Friday, June 19, 2009

Hey Kids! It's time for Xpresso Arts Festival!

Inspiration: youth camps

Cup'a Cha

Not to be taken seriously! Common... have a laugh! The Irish are... and having a laugh with them is also ministry!

Friday, June 12, 2009

I need wife

"Lord, please send someone who will pursue me because you know I don't take hints well. I want someone who will think I'm beautiful." My prayer was definitely answered, but as we all know God has a funny way of going about things. Not quite sure what He's thinking up there, but I'm pretty sure He's getting a laugh out of all this!

Proposal #1
First there was the African pastor from one of the churches that meets in Number 5, David. He talks and talks and talks.... and so usually I try to avoid him. (is that bad?) Anyway, it was my second Sunday after a year long rest from this dude. In order to get to my flat, that's all the way on the 5th floor, I have to enter a security code. This code has mood swings, sometimes it will unlock on the first try, but there are days when its stubborn and won't unlock till after 20 tries.

The church meets right beside the security code and if I manage to punch in the keys real fast and get it unlocked I can successfully avoid David. The security lock was in a very bad mood this particular day and I was unfortunately spotted by David as soon as I was opening the door. I decided that I would be nice and formal and just let him talk. I'm to meet the Boals in a few minutes so David leaves the building with me to go meet them. On the way to meet them David is talking about his church and how no Irish go to it. He says its because they don't like Africans, in which I replied I like Africans (because I do). He says "Oh really. You dating anyone." Me: "Um No??" David, "Then we should get married. I need good spiritual wife and you need husband. We should get married." WHOAH!! Now David is the type of guy who I can never tell if he is joking or is serious...but he didn't seem like he was joking... so I don't know. I just calmy told him no I'm good with my situation! haha..

Proposal #2
Now this is AWESOME! I'm at the Lighthouse (read post below) and in probably the only hallway about to go downstairs to help a lady find some clothes. I can't remember what happened, but somehow I ended up alone in the hallway. This guy, Alex, comes up to me and says, "Ti takAya krasIvaya." WHAT?!?! I just looked at him, smile, nod and said, "uh huh!" He says it again. I make a gesture like "I have no idea what you're saying dude!"
He says, "no english, russian?"
Me:"Sorry no!"
Alex: "deutsch?"
Me:"Nope"
Alex:"
Ti takAya krasIvaya"
His friend had come along by then and said, "He say he think you beautiful."
Me, "Oh thank you." So I thought that was the end of it because obviously we had a slight problem of not being able to understand each other. I mean, I have trouble understanding my own friends, let alone trying to understand a guy who is speaking Russian!!

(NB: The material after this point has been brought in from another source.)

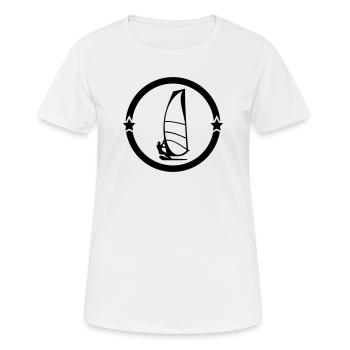 Windsurfen / Windsurfer / Windsurf / Windsurfing - Frauen T-Shirt atmungsaktiv - Weiß - Vorne - AI Model Female 172 dark (172cm)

Oh no! NOT the end. No indeed. I come upstairs and he points for me to sit down. Why I decided to sit down beside him is beyond me! Sometimes I do stupid things. Anyway, the whole time he is trying to speak to me in Russian! Still have no idea what your saying buddy. It's funny because every culture does it. We think that if we speak slower or louder that people will finally be able to understand us. Finally he looks at me and says, "I need wife." Where in the world he learned that phrase I have NO idea. Perhaps he asked a buddy. I don't think I replied, I was kind of shocked and I think i just shrugged my shoulders, because I guess I didn't think he would understand me saying that it wasn't going to happen.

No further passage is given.